Zuversichtlich in die Zukunft
Diese Arbeit fordert die Kirche heraus. Und es ist verständlich, dass sie Unsicherheit und Ängste auslöst, ein Gefühl der Überforderung in der sowieso schon anspruchsvollen Situation. Doch genau jetzt braucht es dieses genaue Hinschauen und Hinhören. So kann die Studie der EKD tatsächlich ein Weckruf für die reformierten Kirchen sein: Eine Erinnerung daran sich der eigenen Bestimmung gemäss aus Strukturen zu befreien, die destruktiv sind und Menschen entmündigen. Wenn diese Transformation gelingt, offen, transparent und suchend, dann gewinnt unsere Kirche an Glaubwürdigkeit und an Strahlkraft.
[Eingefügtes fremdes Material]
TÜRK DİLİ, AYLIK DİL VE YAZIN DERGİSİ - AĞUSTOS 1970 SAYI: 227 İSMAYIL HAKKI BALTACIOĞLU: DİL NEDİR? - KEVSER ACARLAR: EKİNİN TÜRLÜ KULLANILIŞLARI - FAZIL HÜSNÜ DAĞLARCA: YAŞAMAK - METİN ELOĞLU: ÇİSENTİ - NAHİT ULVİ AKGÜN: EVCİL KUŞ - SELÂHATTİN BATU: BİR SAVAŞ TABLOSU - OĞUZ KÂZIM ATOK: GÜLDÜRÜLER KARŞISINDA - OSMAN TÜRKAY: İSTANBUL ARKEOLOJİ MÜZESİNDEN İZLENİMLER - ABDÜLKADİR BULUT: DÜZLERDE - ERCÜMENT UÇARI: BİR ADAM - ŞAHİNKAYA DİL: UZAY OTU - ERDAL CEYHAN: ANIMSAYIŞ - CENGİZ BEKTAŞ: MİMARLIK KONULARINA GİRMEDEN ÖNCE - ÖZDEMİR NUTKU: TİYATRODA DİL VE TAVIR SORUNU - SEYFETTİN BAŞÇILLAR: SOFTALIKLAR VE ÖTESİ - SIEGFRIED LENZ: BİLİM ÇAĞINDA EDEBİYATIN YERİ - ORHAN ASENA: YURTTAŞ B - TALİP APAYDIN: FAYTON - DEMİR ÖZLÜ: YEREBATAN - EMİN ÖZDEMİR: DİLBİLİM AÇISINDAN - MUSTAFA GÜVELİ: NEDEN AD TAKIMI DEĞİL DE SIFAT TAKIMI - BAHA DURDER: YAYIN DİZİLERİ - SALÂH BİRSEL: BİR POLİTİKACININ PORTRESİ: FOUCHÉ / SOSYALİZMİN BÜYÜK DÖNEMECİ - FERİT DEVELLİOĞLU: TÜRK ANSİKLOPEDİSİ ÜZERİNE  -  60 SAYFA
Ich bin zuversichtlich.
Gabriela Allemann ist reformierte Pfarrerin, Präsidentin der Evangelischen Frauen Schweiz (EFS) sowie Mitglied des Leitungsausschusses der Frauen- und Genderkonferenz. In dieser Funktion nimmt sie unter anderem an Synoden der Evangelisch-reformierten Kirche Schweiz (EKS) teil. Zudem gehörte sie der Untersuchungskommission an, die 2020 und 2021 die Vorwürfe gegen Gottfried Locher prüfte.